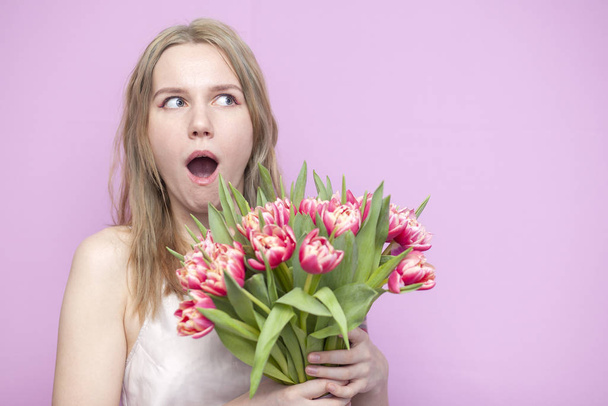 young surprised girl with a bouquet of flowers on a pink background, a cute woman holds tulips and rejoices - Photo, Image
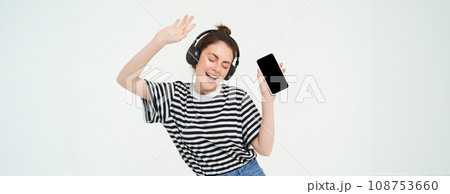 Portrait of stylish young woman dancing in wireless earphones, using headphones and mobile phone music app to listen to favourite songs, posing over white background 108753660
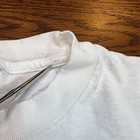 White ribbed Reebok Runners T shirt with black collar stitching, single stitch hem, and visible “Made in USA” text inside collar.
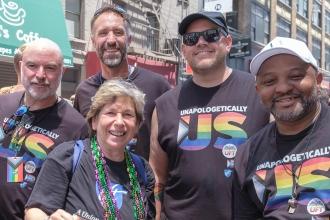 Members wearing matching shirts pose for a photo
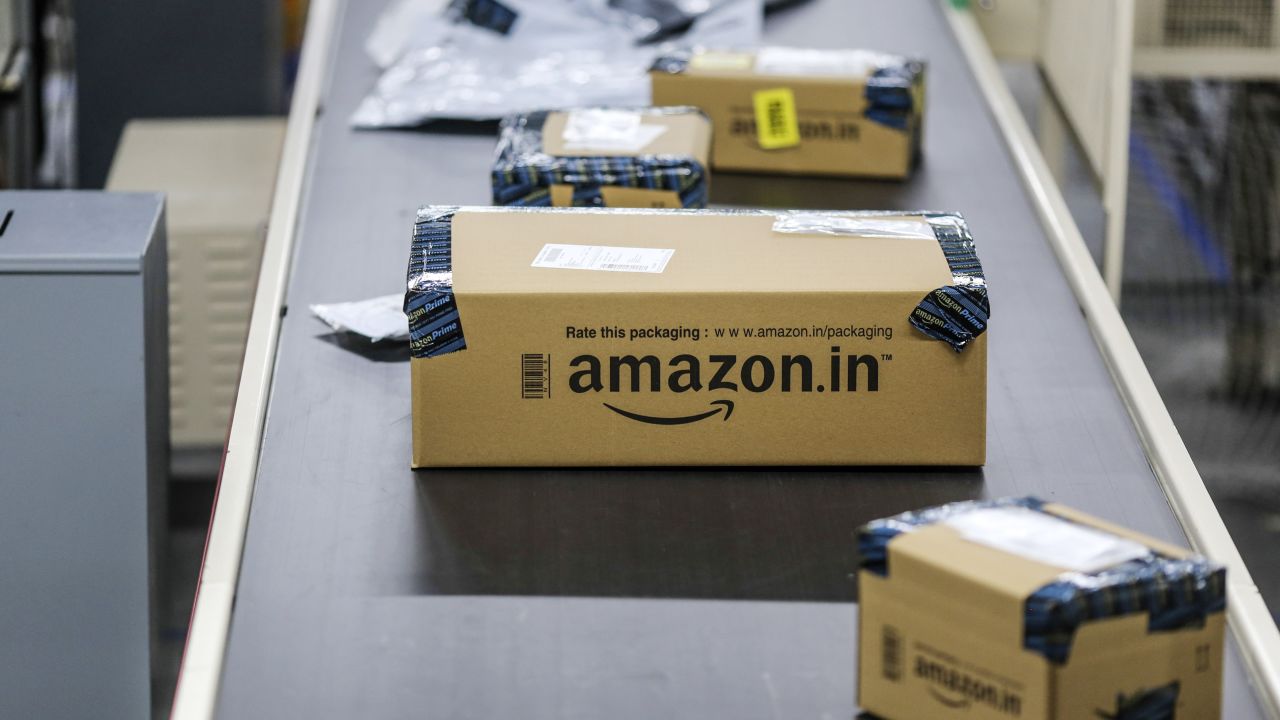 Packages move along a conveyor belt at the Amazon.com Inc. fulfillment center in Hyderabad, India.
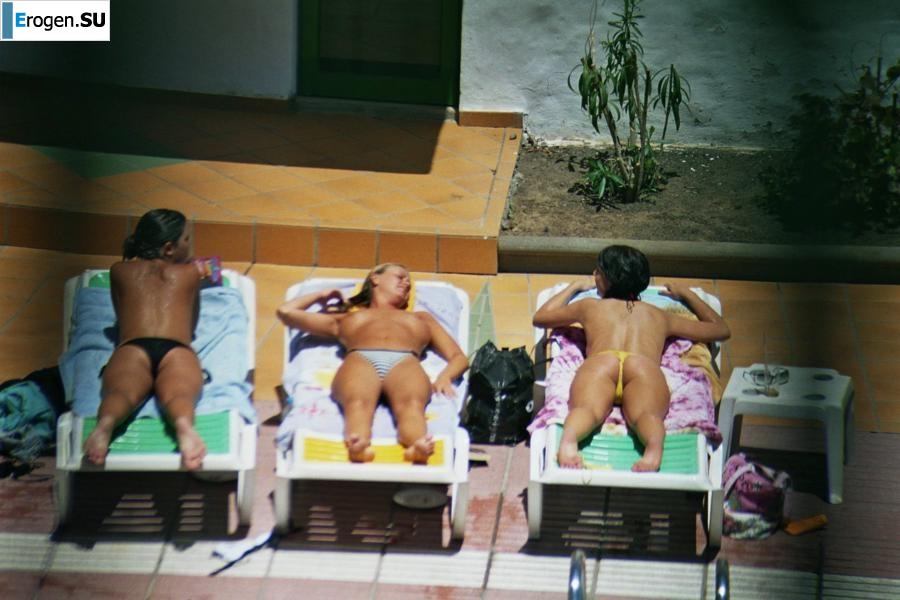 Girls sunbathe topless near the pool. Part 2. Photo 27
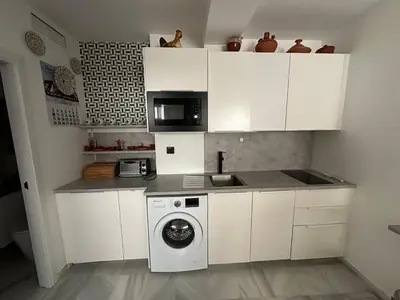 a kitchen with a washing machine and a microwave at Apartamento Condesa in Sanlúcar de Barrameda
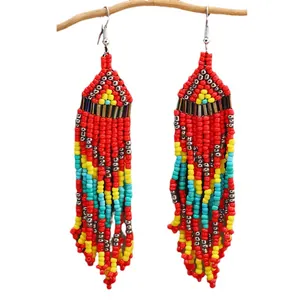 Handmade Bohemian beaded tassel earrings with geometric patterns on a wooden display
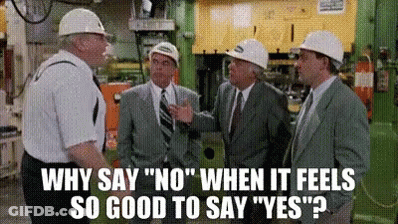 Men In Hard Hats Talking In Factory GIF
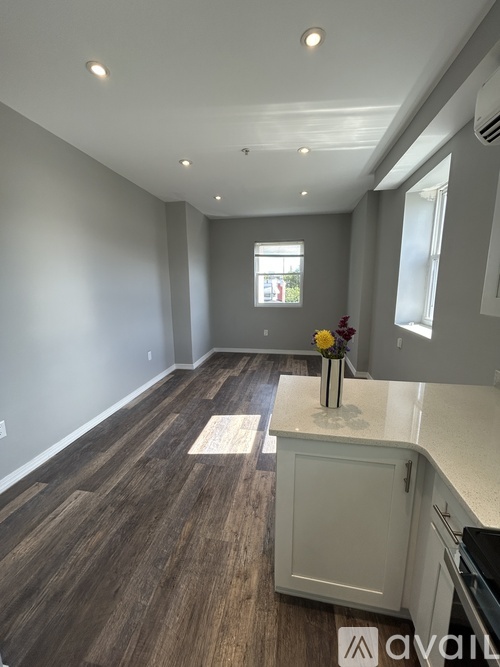 A kitchen with a wooden floor and white walls.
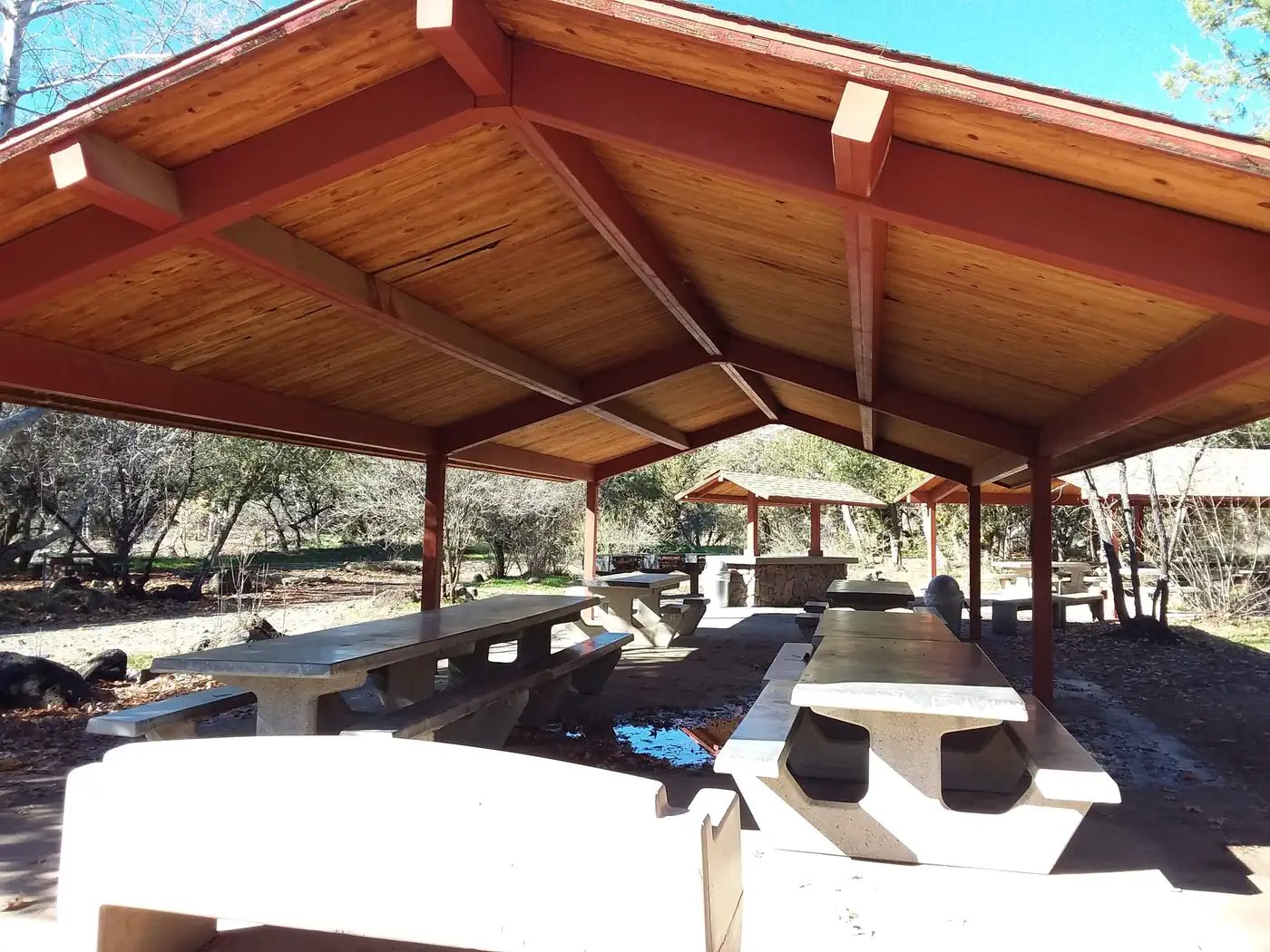 Covered ramada with stone picnic tables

**YOUR ASSIGNMENT**
From the first line to the last, copy the listing above exactly and leave out the images.

**COMPLETED TASK**
 young surprised girl with a bouquet of flowers on a pink background, a cute woman holds tulips and rejoices - Photo, Image
 Portrait of stylish young woman dancing in wireless earphones, using headphones and mobile phone music app to listen to favourite songs, posing over white background 108753660
 White ribbed Reebok Runners T shirt with black collar stitching, single stitch hem, and visible “Made in USA” text inside collar.
 Members wearing matching shirts pose for a photo
 Packages move along a conveyor belt at the Amazon.com Inc. fulfillment center in Hyderabad, India.
 Girls sunbathe topless near the pool. Part 2. Photo 27
 a kitchen with a washing machine and a microwave at Apartamento Condesa in Sanlúcar de Barrameda
 Handmade Bohemian beaded tassel earrings with geometric patterns on a wooden display
 Men In Hard Hats Talking In Factory GIF
 A kitchen with a wooden floor and white walls.
 Covered ramada with stone picnic tables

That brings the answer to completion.